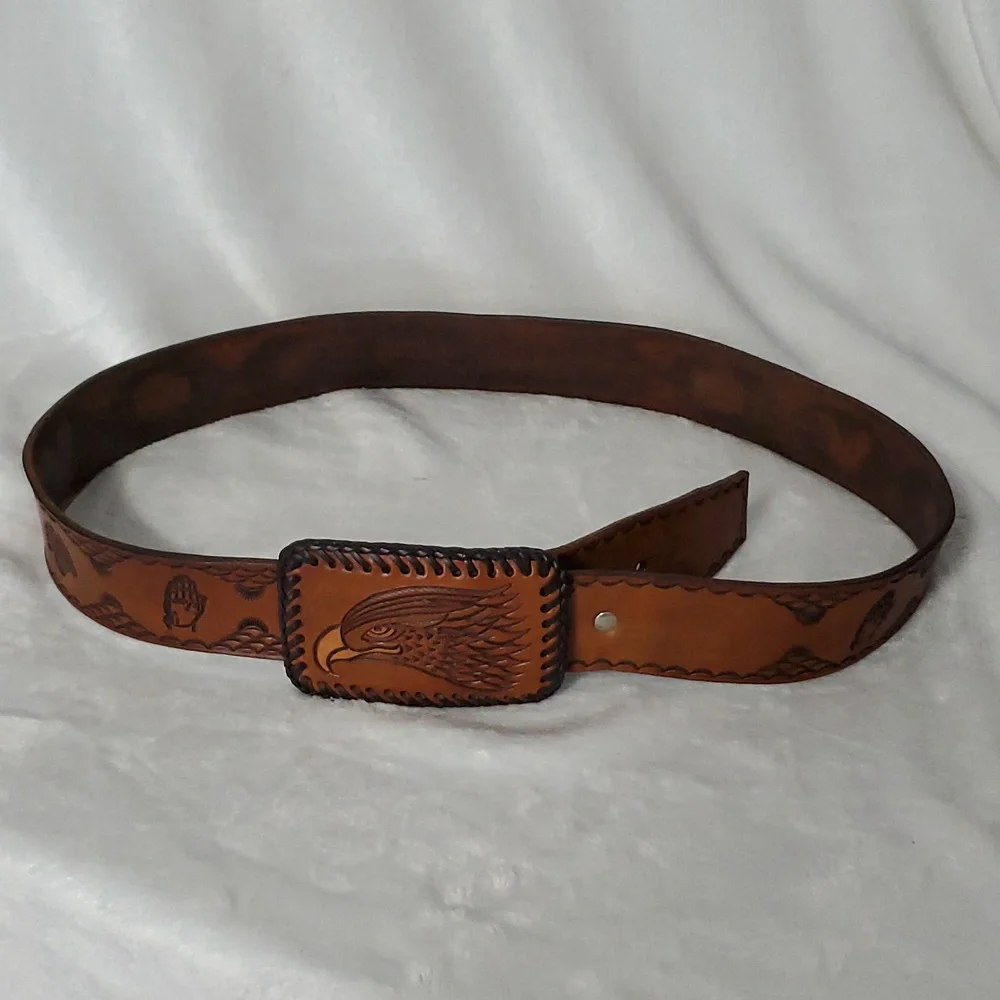 Vintage Leather Belt With Eagle Buckle and Details Embossed Along the Strap.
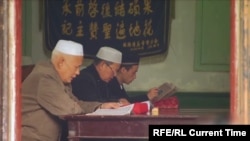 Ethnic Kazakhs pray in a mosque in the Chinese Xinjiang Uyghur Autonomous Region.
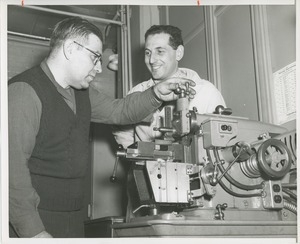 Two men in machine shop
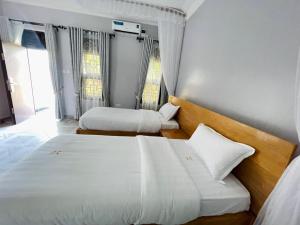 two beds in a hotel room with white sheets at Hotel Abiron in Wanseko
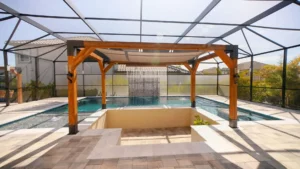 Rectangular pool under a screened lanai with a wooden pergola shade structure and a sheer descent water curtain feature over a sunken seating area.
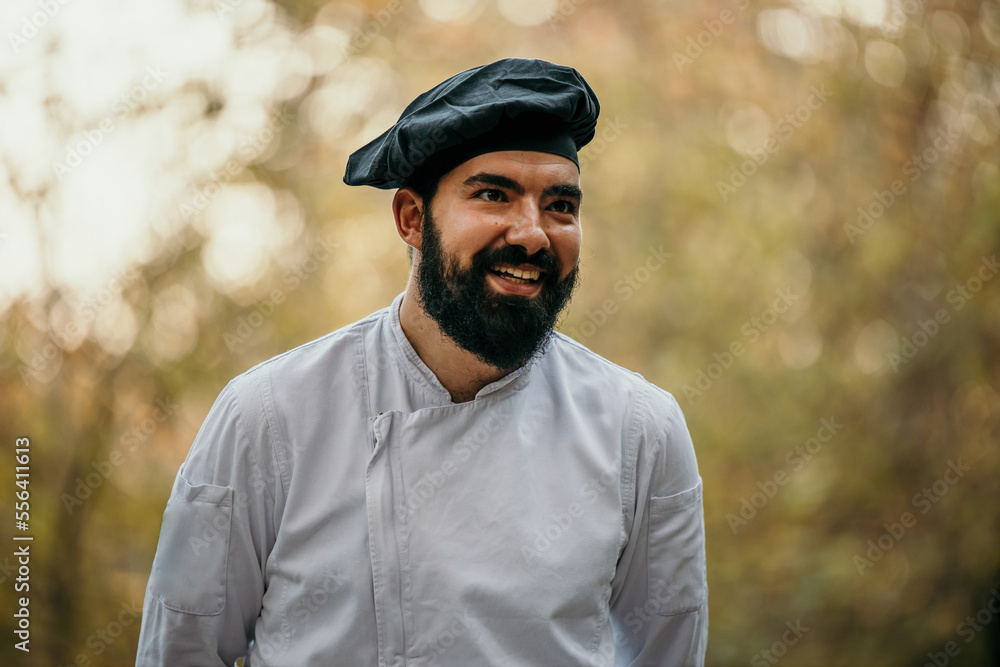 Smiling bearded handsome chef serving a food and setting up table for a garden wedding.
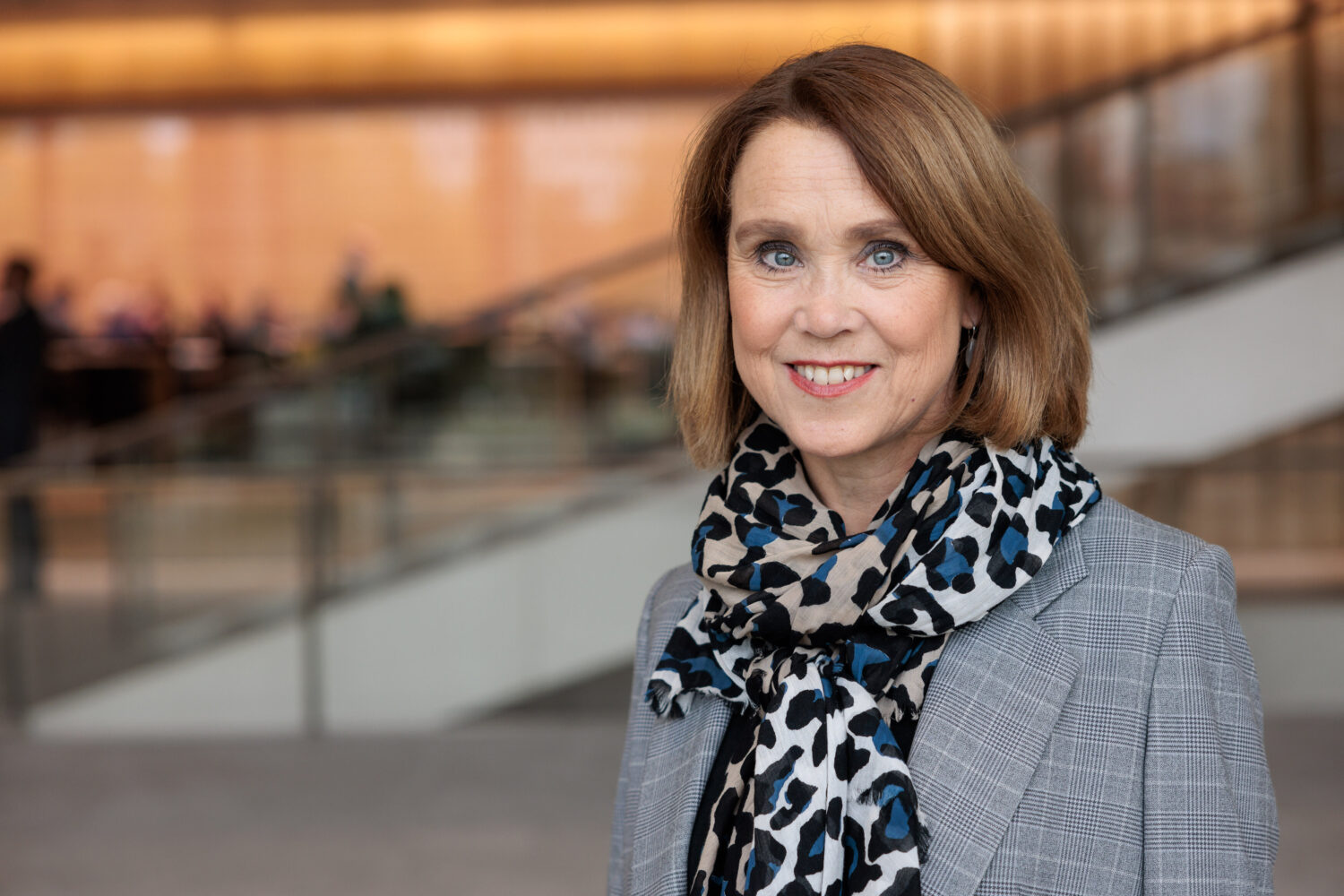 Frau mit schulterlangem Haar und Schal lächelt in die Kamera, unscharfer Hintergrund.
########
To do -
In your copy, include no pictures, but reproduce all records exactly.

Answer for the task -
 Vintage Leather Belt With Eagle Buckle and Details Embossed Along the Strap.
 Ethnic Kazakhs pray in a mosque in the Chinese Xinjiang Uyghur Autonomous Region.
 Two men in machine shop
 two beds in a hotel room with white sheets at Hotel Abiron in Wanseko
 Rectangular pool under a screened lanai with a wooden pergola shade structure and a sheer descent water curtain feature over a sunken seating area.
 Smiling bearded handsome chef serving a food and setting up table for a garden wedding.
 Frau mit schulterlangem Haar und Schal lächelt in die Kamera, unscharfer Hintergrund.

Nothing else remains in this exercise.